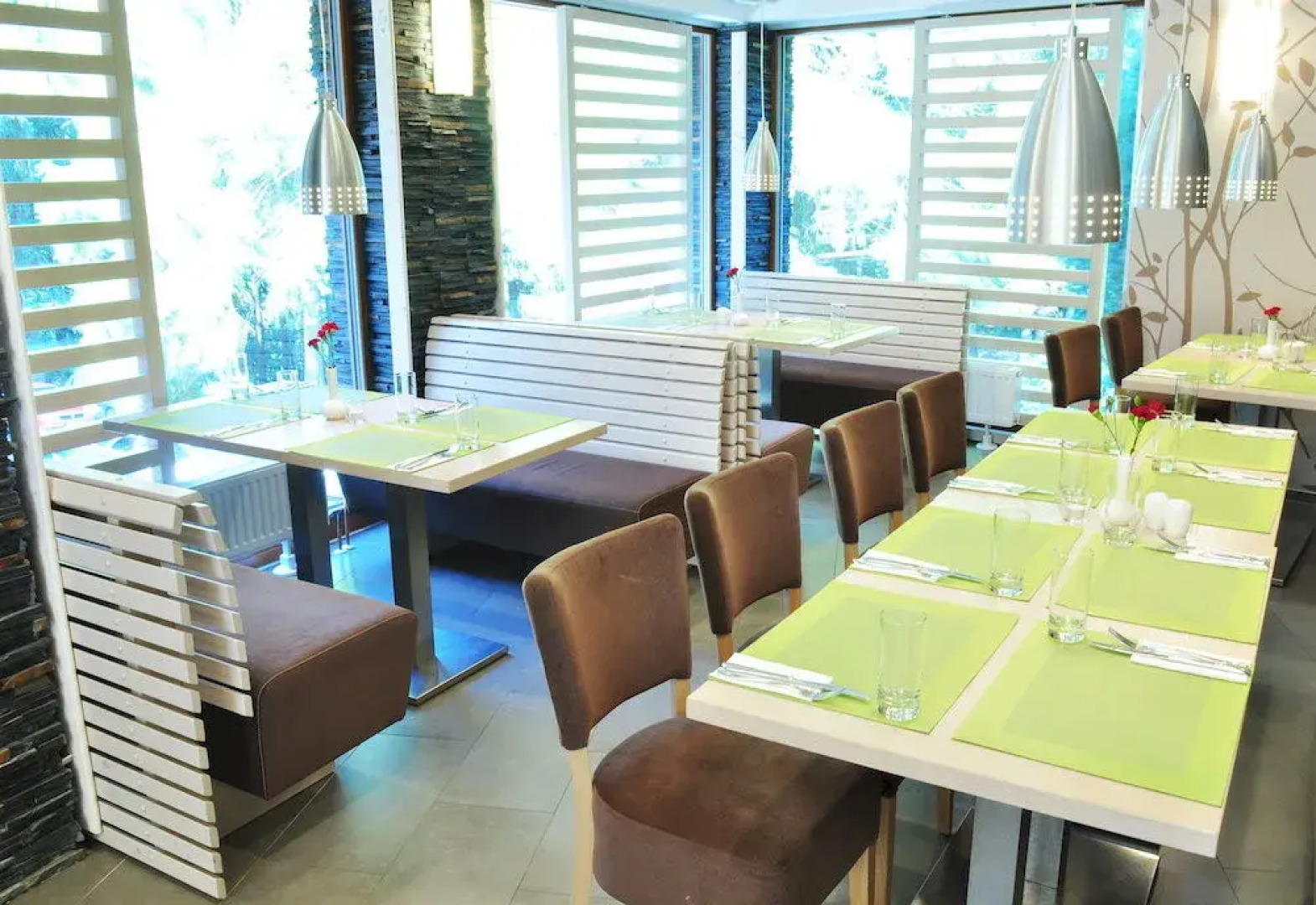 Horský Hotel Lorkova Vila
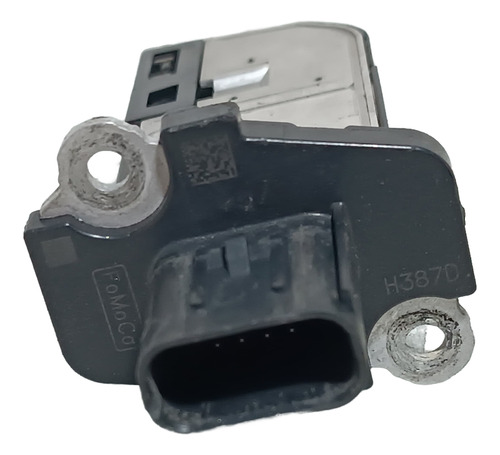 Sensor Medidor Fluxo Ar Maf Ford Ranger 2.2 3.2 Transit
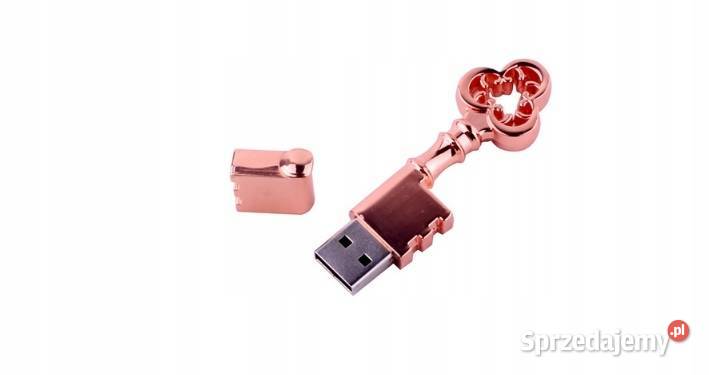 Pendrive klucz Wrocław sprzedam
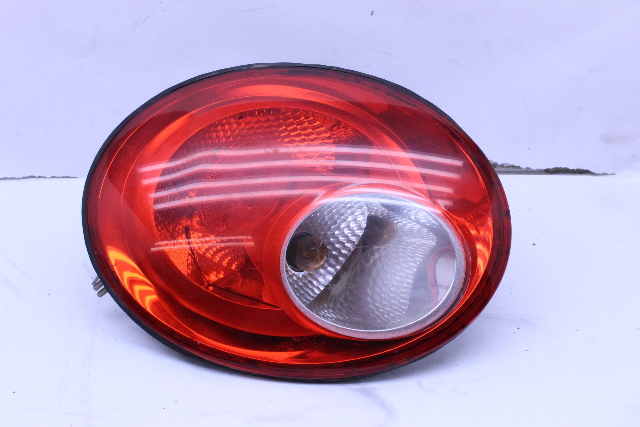2006-2010 Volkswagen Beetle Tail Light Left - 1C0945095N OEM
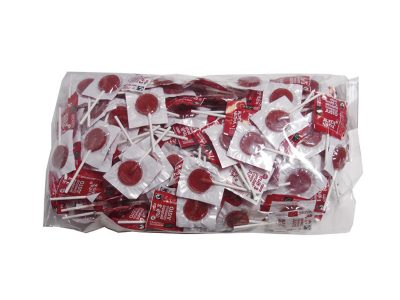 Bio Cherry Lollipops 200uds Alternative 3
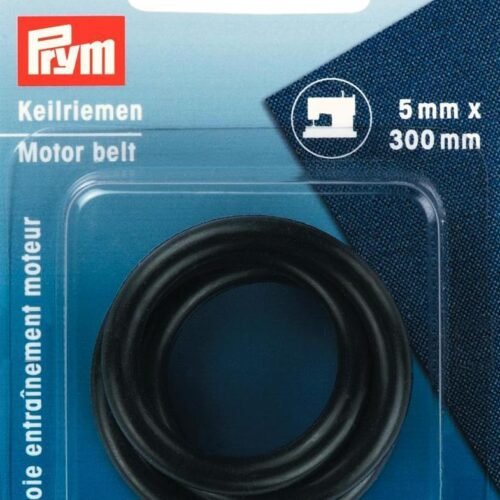 Correa de transmisión máquina Prym 611970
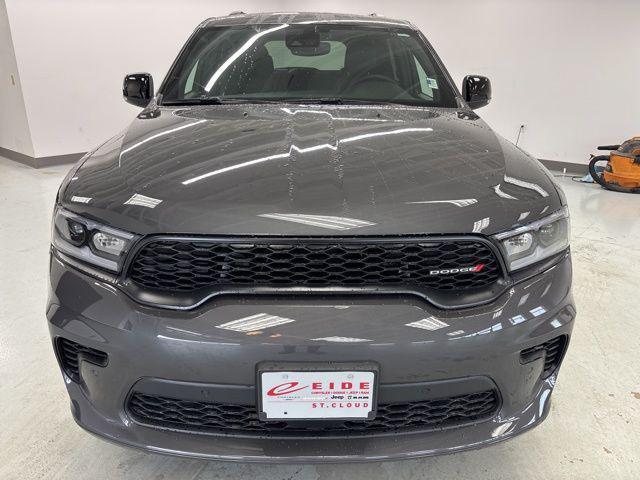 new 2025 Dodge Durango car, priced at $42,898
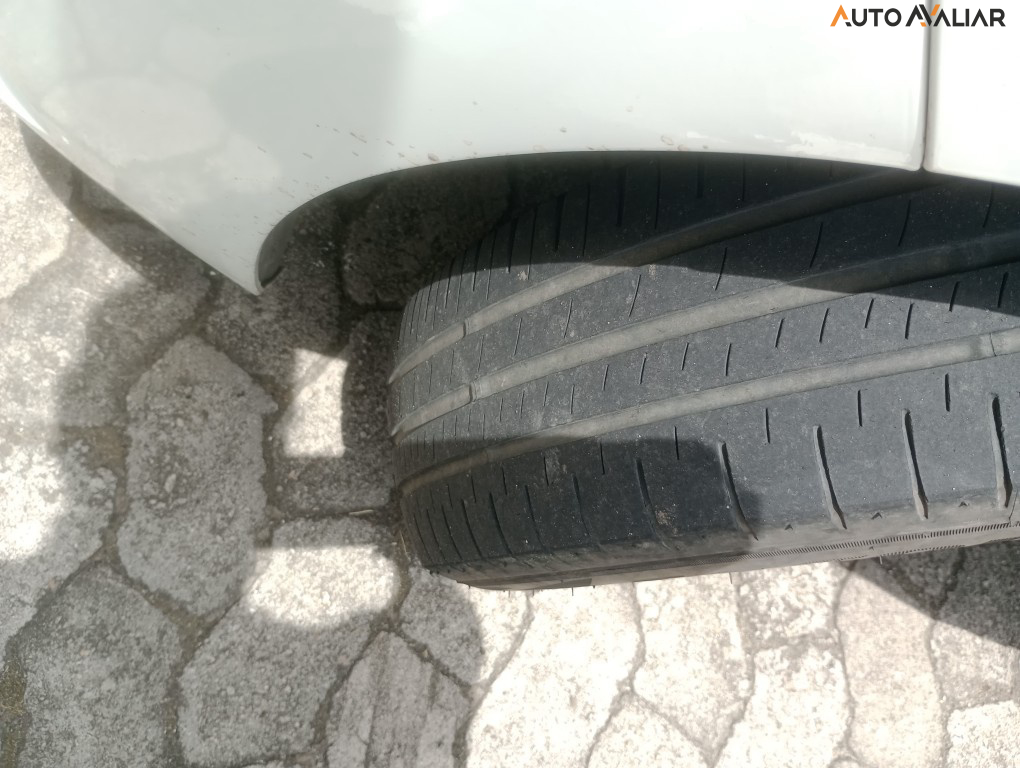 CHEVROLET ONIX 1.0 MPFI JOY 8V FLEX 4P MANUAL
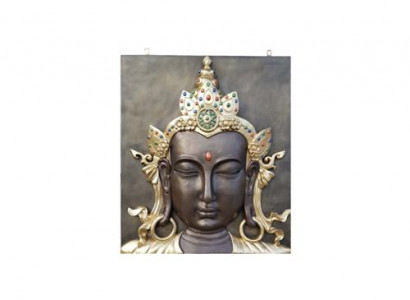 Deco 3D Painting Picture Sculpture 184x143cm Statues Sculptures New Buddha New R113b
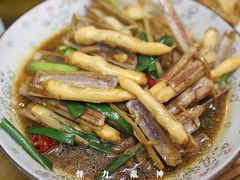 -聪辉同安老美食饭店(大元路店)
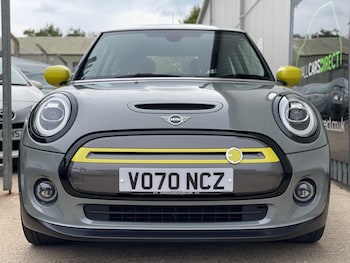 Used MINI Hatch 2020 for sale - 76647649: Photo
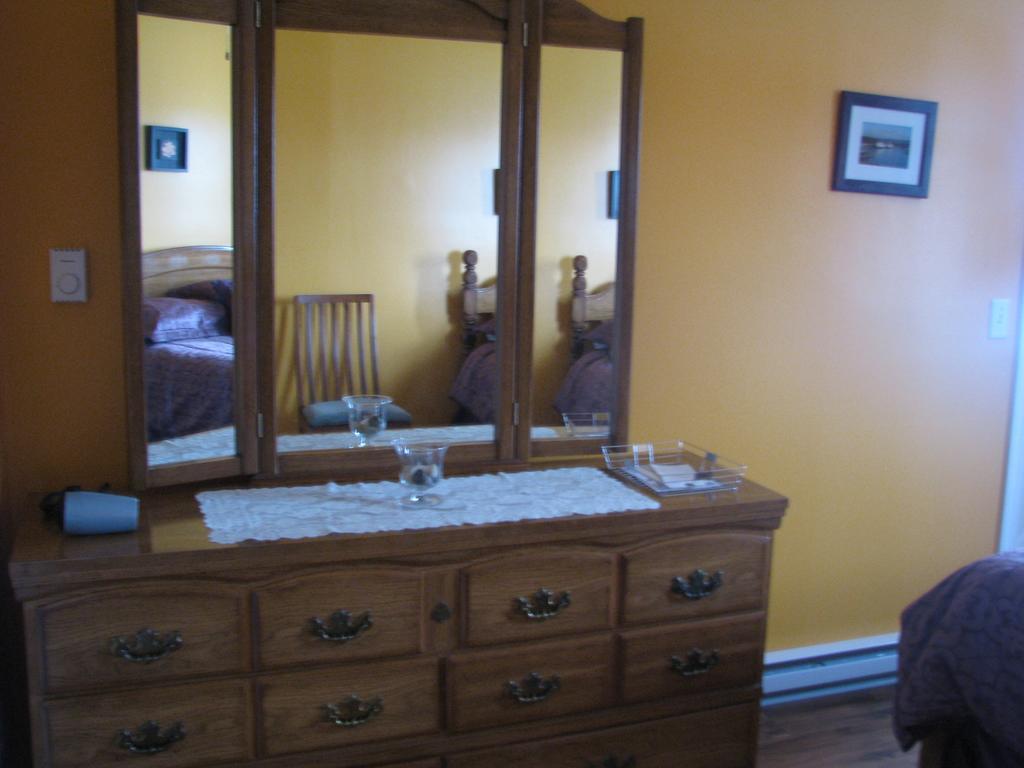 Right Off Da Boat B&B Channel-Port aux Basques Pokój zdjęcie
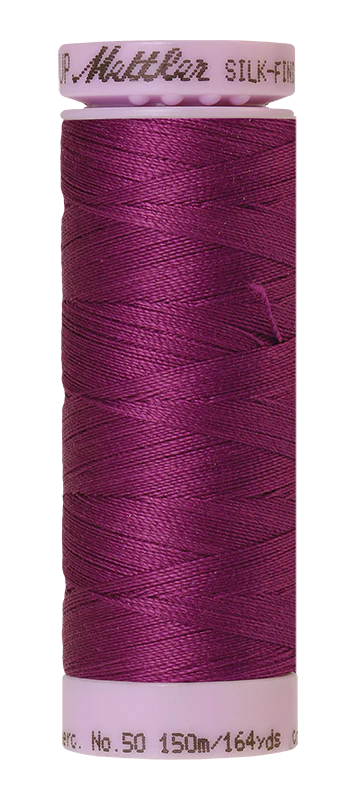 Mettler Silk-Finish Cotton 50 Thread - 150M Spool (various colours 0629-1340) - Image 57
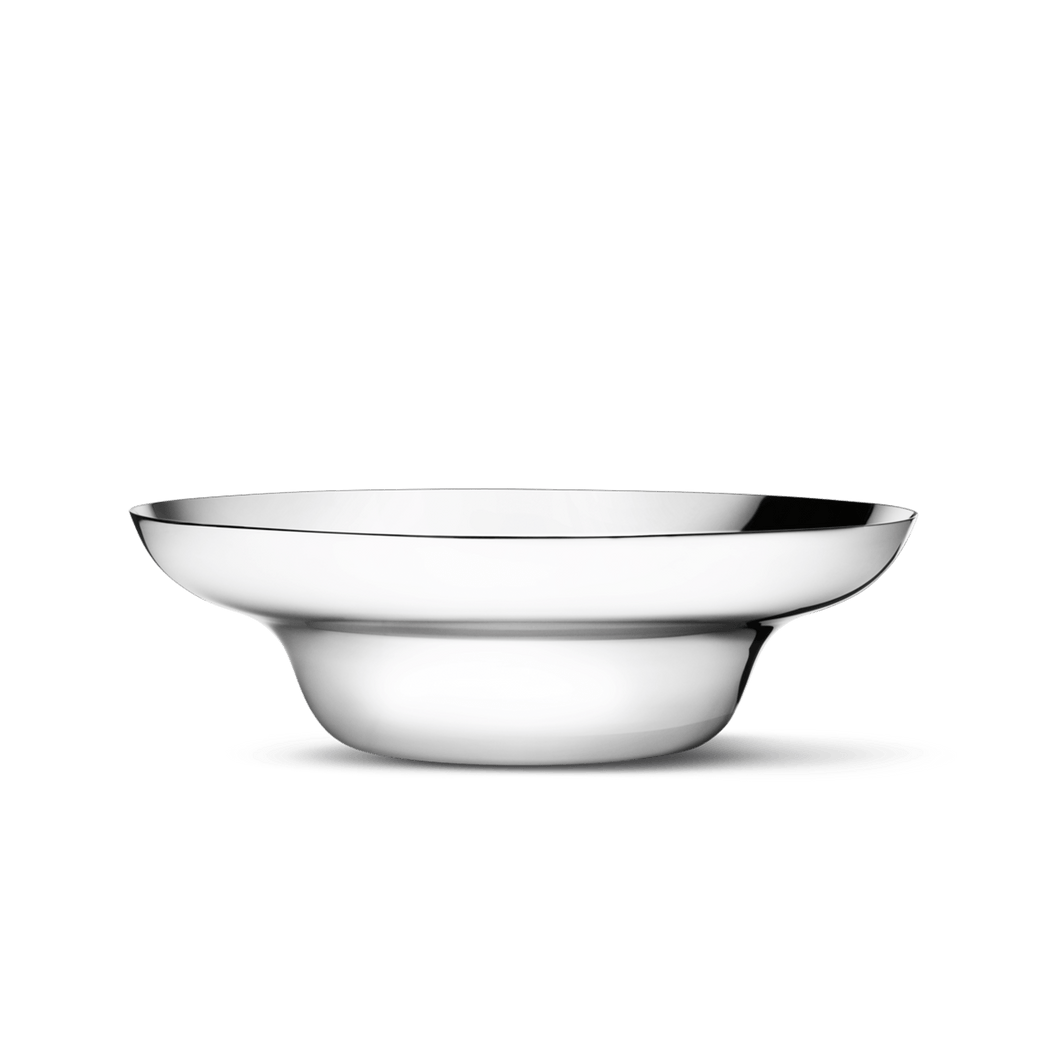 Georg Jensen Alfredo Salad Bowl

____________

* **Aim of the task**
Exactly as written, give again every line from the one containing "Right Off Da" through the last line of the material, both included, with the pictures left out.

* **Response area**
 Right Off Da Boat B&B Channel-Port aux Basques Pokój zdjęcie
 Mettler Silk-Finish Cotton 50 Thread - 150M Spool (various colours 0629-1340) - Image 57
 Georg Jensen Alfredo Salad Bowl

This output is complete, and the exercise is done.